ZZL: I think the CIC’s assets are over $1.2 trillion right now which makes it at one point the largest fund in the world during COVID-19, but its market performance has since deteriorated. This is in addition to China’s $3 trillion in foreign exchange reserves and foreign exchange assets managed by the State Administration of Foreign Exchange. It’s quite a lot. Collectively you can imagine the foreign exchange reserves to be about the size of the UK’s GDP. Including China’s shadow (unofficial) reserves, the total is far larger than the UK’s GDP. This money can be a force for exercising financial or economic statecraft. For example, they can invest as support and divest to show dissatisfaction with a company’s performance or actions. They can support domestic industrial development and invest in foreign companies to get access to desired technologies or other assets they don’t already have. It’s certainly an economic power, but also a powerful political one.

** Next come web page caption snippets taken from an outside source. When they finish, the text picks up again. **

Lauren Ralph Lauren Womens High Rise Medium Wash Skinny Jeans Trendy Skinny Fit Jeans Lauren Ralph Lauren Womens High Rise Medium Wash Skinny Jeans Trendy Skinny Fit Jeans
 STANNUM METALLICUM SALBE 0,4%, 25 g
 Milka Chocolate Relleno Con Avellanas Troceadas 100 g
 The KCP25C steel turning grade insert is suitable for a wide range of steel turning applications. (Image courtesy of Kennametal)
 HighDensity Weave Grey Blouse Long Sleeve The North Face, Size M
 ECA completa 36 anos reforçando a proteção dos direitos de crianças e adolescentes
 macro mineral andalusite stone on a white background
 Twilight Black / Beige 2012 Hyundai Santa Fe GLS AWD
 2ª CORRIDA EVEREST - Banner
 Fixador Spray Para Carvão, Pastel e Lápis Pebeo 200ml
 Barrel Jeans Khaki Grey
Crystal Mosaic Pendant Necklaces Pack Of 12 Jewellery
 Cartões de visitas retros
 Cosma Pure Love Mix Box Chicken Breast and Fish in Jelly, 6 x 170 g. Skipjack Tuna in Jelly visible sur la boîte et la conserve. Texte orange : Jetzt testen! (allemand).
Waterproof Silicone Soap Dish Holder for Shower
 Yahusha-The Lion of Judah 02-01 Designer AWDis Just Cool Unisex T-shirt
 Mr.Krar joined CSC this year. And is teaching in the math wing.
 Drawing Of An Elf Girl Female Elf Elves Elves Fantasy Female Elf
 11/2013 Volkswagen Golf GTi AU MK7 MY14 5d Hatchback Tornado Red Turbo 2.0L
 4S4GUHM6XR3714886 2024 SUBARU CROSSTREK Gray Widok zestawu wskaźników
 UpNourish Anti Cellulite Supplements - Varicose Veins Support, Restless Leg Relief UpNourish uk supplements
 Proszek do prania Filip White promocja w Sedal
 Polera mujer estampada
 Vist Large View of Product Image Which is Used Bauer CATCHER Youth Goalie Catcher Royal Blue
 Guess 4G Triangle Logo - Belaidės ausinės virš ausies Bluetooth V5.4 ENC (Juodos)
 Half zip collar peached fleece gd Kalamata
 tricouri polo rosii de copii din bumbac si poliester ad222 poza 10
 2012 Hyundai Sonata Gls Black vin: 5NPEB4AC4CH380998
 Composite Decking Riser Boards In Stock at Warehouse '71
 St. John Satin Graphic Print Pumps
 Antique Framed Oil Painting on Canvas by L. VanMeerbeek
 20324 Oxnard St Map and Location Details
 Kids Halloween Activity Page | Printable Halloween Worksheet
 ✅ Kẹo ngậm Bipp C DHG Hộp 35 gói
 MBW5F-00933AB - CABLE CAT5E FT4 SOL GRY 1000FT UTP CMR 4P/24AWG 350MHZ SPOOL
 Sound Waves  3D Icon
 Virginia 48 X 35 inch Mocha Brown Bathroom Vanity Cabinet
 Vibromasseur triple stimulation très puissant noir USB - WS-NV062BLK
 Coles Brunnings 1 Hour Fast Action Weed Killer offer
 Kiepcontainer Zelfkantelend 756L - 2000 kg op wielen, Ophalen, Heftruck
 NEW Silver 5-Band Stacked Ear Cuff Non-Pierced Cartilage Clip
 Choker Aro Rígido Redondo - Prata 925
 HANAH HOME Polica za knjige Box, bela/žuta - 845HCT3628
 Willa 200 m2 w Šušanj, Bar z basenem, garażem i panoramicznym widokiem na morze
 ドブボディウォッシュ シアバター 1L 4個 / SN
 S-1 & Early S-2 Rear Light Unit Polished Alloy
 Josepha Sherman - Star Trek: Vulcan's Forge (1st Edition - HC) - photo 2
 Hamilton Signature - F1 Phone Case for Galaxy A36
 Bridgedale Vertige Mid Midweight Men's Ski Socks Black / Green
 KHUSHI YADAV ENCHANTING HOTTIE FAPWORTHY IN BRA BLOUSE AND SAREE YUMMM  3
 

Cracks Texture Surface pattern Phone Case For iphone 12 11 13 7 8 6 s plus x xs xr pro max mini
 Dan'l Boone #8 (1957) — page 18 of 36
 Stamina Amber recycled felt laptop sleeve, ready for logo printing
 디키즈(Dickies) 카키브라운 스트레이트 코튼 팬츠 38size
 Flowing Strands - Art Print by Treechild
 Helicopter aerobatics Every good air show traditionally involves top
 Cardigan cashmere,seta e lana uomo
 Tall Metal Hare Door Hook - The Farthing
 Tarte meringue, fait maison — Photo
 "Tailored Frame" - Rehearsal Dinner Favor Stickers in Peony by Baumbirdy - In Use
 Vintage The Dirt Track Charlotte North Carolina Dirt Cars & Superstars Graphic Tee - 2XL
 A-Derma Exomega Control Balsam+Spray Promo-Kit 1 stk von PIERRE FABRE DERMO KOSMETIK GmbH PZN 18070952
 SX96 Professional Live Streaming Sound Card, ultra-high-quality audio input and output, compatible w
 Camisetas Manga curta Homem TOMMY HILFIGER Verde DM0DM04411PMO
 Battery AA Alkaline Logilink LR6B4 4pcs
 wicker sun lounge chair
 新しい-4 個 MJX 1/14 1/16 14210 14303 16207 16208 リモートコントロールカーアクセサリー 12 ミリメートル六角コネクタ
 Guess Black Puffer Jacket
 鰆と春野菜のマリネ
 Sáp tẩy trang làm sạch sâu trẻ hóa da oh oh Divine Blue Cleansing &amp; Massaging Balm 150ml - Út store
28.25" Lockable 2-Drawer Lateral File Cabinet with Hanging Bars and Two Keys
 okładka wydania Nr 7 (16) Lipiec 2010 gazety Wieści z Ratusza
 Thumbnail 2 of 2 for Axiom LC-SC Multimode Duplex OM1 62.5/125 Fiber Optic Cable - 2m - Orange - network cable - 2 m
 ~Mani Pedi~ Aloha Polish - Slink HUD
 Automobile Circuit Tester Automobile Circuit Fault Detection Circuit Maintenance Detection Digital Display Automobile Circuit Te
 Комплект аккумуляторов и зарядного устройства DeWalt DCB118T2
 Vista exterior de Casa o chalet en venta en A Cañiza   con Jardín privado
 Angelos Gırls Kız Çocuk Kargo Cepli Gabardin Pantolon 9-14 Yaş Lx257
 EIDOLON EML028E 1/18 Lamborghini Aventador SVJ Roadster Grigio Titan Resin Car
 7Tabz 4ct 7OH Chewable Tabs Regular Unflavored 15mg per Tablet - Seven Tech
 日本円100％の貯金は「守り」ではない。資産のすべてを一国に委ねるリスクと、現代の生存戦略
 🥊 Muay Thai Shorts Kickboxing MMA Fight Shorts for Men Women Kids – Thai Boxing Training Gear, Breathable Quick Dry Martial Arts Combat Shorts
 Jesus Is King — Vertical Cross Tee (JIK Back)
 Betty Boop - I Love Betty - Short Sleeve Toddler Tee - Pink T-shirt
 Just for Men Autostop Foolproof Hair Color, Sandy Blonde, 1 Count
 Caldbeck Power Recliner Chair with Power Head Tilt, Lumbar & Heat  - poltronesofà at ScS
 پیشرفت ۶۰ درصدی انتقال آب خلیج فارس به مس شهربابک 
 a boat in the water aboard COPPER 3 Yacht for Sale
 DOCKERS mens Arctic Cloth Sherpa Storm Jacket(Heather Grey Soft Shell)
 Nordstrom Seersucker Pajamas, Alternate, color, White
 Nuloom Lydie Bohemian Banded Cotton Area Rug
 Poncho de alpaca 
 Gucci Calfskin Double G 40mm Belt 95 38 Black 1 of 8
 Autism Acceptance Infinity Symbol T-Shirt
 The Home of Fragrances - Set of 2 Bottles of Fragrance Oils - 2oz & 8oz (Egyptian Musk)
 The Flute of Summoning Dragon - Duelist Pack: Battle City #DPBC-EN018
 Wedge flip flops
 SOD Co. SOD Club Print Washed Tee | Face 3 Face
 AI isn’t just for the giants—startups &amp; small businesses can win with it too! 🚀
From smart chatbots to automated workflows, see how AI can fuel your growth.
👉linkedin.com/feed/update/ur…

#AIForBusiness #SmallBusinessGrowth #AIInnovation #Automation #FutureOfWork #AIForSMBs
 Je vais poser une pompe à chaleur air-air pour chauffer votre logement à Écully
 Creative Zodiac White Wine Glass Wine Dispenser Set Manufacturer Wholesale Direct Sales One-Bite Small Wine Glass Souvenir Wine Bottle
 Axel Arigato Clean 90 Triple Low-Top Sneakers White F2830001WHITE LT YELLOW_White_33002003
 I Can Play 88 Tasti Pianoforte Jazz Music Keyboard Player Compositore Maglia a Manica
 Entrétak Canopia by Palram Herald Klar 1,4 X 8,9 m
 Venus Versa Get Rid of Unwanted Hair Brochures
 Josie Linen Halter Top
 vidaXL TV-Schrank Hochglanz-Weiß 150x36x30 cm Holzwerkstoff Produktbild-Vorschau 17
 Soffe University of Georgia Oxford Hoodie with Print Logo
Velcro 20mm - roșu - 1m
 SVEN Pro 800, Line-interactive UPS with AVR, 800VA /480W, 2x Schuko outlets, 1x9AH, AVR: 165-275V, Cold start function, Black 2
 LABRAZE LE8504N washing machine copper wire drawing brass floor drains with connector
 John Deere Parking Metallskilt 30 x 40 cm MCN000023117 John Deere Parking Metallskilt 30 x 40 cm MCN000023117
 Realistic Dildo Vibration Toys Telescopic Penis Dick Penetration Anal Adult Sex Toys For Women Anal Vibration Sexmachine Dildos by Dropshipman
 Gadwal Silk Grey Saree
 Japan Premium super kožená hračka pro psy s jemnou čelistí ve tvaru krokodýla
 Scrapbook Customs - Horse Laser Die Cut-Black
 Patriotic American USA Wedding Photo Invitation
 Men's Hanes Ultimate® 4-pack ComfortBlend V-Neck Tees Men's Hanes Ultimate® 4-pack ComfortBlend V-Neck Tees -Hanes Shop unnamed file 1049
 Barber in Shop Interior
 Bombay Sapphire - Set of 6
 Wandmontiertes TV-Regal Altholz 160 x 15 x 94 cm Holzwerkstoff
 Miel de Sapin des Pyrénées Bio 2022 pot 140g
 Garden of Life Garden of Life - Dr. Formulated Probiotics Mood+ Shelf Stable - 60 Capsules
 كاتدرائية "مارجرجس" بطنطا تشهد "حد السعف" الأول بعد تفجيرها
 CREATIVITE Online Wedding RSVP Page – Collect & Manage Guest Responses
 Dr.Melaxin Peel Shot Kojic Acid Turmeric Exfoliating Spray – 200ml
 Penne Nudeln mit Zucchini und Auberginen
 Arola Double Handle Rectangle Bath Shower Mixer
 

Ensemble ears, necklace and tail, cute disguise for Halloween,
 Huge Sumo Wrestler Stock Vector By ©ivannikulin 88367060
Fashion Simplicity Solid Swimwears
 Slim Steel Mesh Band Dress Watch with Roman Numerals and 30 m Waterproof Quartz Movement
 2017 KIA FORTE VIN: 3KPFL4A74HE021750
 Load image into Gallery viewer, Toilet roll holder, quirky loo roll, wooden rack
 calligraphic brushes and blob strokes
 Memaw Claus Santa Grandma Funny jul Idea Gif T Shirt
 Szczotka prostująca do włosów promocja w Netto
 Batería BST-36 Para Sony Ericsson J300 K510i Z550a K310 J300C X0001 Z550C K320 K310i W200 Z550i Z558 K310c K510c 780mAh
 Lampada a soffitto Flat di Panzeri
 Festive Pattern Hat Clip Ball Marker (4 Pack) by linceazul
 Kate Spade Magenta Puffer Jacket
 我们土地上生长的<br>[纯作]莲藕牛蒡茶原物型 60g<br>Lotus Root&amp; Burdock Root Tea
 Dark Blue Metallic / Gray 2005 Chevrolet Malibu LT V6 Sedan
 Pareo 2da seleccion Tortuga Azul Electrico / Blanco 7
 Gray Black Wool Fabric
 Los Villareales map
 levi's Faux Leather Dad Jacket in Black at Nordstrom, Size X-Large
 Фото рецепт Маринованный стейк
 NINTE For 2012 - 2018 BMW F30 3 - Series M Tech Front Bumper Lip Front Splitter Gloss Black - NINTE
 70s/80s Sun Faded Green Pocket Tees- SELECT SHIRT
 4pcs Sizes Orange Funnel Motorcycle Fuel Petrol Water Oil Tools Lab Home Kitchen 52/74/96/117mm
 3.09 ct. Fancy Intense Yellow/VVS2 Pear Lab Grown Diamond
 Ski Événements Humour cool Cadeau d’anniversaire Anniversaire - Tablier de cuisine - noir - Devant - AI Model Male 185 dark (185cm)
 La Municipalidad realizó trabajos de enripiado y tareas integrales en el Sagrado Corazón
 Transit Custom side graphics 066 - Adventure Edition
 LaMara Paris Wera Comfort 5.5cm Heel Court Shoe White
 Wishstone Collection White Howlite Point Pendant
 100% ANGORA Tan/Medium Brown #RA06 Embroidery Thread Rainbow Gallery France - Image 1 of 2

HO: Does the CIC work in concert with or support other Chinese initiatives like the BRI?
ZZL: Back in 2016 and ‘17, I interviewed many people at the CIC who told me no. They said that they are independent and don’t work with the government and do not invest alongside government policy. In subsequent years, Tu Guangshao, the current president of the CIC expressed interest in setting up a BRI investment fund and if you look at what the CIC has already invested and supported, it is very much in line with the BRI’s existing projects.
HO: How has COVID-19 affected these funds? Were they able to respond to rapidly changing conditions?
ZZL: I honestly think COVID-19 is not the biggest shock for China. I would say U.S.-China tensions are bigger in part because their portfolio is extremely exposed to the U.S. market. They want to invest in U.S. companies in sectors from tech to natural resources, but broadly speaking, these funds in China, Norway, and Saudi Arabia are rainy-day funds to support domestic needs in times of economic stress. For China, it was an effective tool to absorb economic shock and provide a buffer for the national economy.
HO: Where do you see China’s economy going in the next few years? What challenges does it still face?
ZZL: China’s economy over the course of 2024 still suffered a lot of chronic structural challenges, even if it has stabilized a bit compared with immediately after COVID-19. The Chinese government and Xi Jinping himself have recently been meeting with Chinese private entrepreneurs to restore public confidence in the private sector, but to what extent the government can restore policy credibility is still a big unknown in the whole process. China’s sovereign leveraged funds can play a big role in stabilizing the stock market and have played a big role in that before, but they can also provide patient capital to support China’s R&D development. China’s economy is very much in transition, especially when they have some sectors that face excess capacity and other sectors that are booming. Sovereign funds can provide long-term capital to support the booming sector while providing stabilizing capital for the rest.